The Tender Hook is a 2008 Australian film noir directed by Jonathan Ogilvie and starring Hugo Weaving, Rose Byrne and Matthew Le Nevez. The film was retitled The Boxer and the Bombshell for its North American DVD release.

==Plot synopsis==
The film tells the story of a love triangle set in a stylised version of Sydney's criminal/boxing underworld in the 1920s. The story is about Iris' rise to the apex of a love/power triangle that includes her English con man, lover, McHeath, and Art an honest, young boxer. Within the flawed moral landscape each character struggles to establish their sovereignty.

==Cast==
- Hugo Weaving as McHeath
- Rose Byrne as Iris
- Matt Le Nevez as Art Walker
- Pia Miranda as Daisy
- Luke Carroll as Alby "Othello" O'Shea
- John Batchelor as Ronnie
- Tyler Coppin as Donnie

==Production==
The Tender Hook is the second feature by writer/director Jonathan Ogilvie, and stars Hugo Weaving, Rose Byrne, and Matt Le Nevez.

Producers are Michelle Harrison and John Brousek.

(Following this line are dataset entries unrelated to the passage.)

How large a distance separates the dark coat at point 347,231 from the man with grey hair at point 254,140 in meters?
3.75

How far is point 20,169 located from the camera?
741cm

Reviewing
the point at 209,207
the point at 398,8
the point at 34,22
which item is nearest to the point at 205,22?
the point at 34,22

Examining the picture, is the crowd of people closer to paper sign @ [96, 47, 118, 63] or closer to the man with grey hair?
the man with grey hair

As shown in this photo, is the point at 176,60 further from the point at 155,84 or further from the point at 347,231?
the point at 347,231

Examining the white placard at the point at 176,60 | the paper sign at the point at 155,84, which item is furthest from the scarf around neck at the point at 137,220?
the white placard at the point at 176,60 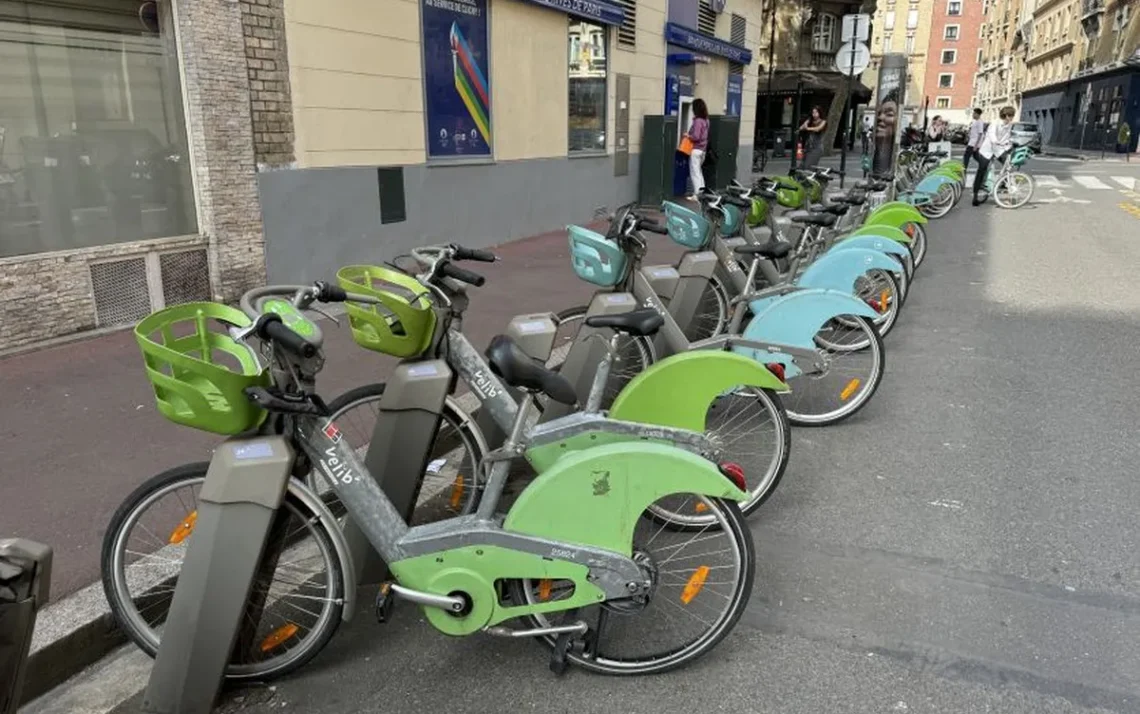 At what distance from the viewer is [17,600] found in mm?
1519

The crew includes: director of photography, Geoffery Simpson; editor, Ken Sallows; production designer, Peter Baxter; costume designer, Cappi Ireland and composition of the score by Chris Abrahams from The Necks.

The film was financed by the Film Finance Corporation Australia, and Parkland Pictures (UK), with support from Film Victoria. Parkland Pictures (UK) handled international sales, with Icon Films distributing in Australasia.

==Reception==
The film was not a box-office success, earning only $64,232 against its $7 million budget.

Critics gave the film negative to average reviews. David Stratton and Margaret Pomeranz both gave the film 3 out of 5 stars, with Stratton explaining the film has "some very strong elements... [but] never really works as a thriller or as a romance".